— What is expected —
Below are the entries; return every line among them that holds the word "Vintage".

Stored data:
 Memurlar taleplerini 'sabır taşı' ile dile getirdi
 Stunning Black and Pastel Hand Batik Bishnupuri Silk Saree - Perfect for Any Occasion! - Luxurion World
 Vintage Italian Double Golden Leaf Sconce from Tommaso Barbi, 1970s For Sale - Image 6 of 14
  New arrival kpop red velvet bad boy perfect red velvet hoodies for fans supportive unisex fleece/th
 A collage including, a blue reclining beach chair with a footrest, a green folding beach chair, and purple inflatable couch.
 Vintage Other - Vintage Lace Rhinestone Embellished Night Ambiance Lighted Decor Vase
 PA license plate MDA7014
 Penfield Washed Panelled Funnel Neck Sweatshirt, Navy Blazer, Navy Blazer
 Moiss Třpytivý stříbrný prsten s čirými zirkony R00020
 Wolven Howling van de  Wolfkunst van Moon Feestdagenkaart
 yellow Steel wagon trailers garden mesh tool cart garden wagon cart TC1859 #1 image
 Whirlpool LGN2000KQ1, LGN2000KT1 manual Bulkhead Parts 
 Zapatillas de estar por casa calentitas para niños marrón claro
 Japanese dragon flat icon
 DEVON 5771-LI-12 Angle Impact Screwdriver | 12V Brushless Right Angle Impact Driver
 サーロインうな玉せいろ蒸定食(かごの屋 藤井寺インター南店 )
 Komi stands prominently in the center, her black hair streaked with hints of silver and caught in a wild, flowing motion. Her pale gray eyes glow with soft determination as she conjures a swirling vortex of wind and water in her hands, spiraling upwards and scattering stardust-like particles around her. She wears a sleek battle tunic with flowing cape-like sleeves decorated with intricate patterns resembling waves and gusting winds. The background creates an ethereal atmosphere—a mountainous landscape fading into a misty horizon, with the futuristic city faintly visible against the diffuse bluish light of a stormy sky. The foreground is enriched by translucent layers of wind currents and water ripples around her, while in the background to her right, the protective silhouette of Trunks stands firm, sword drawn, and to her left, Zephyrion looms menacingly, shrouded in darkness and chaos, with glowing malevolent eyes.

— Written reply —
 Vintage Italian Double Golden Leaf Sconce from Tommaso Barbi, 1970s For Sale - Image 6 of 14
 Vintage Other - Vintage Lace Rhinestone Embellished Night Ambiance Lighted Decor Vase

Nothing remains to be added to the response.